Directions for this task
The entries need to be copied exactly.
▽
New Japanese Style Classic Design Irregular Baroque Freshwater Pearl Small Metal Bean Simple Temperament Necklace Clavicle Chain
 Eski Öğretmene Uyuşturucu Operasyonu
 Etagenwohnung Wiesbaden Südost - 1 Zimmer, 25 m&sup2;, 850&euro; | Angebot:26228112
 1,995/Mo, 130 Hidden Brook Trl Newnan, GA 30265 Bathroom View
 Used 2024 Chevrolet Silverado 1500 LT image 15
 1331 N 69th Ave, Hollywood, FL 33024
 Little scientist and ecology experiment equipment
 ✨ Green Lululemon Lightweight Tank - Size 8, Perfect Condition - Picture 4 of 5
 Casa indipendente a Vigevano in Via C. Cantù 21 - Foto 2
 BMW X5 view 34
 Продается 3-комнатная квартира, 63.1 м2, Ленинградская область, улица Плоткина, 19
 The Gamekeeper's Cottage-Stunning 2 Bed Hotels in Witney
△
Solved problem
New Japanese Style Classic Design Irregular Baroque Freshwater Pearl Small Metal Bean Simple Temperament Necklace Clavicle Chain
 Eski Öğretmene Uyuşturucu Operasyonu
 Etagenwohnung Wiesbaden Südost - 1 Zimmer, 25 m&sup2;, 850&euro; | Angebot:26228112
 1,995/Mo, 130 Hidden Brook Trl Newnan, GA 30265 Bathroom View
 Used 2024 Chevrolet Silverado 1500 LT image 15
 1331 N 69th Ave, Hollywood, FL 33024
 Little scientist and ecology experiment equipment
 ✨ Green Lululemon Lightweight Tank - Size 8, Perfect Condition - Picture 4 of 5
 Casa indipendente a Vigevano in Via C. Cantù 21 - Foto 2
 BMW X5 view 34
 Продается 3-комнатная квартира, 63.1 м2, Ленинградская область, улица Плоткина, 19
 The Gamekeeper's Cottage-Stunning 2 Bed Hotels in Witney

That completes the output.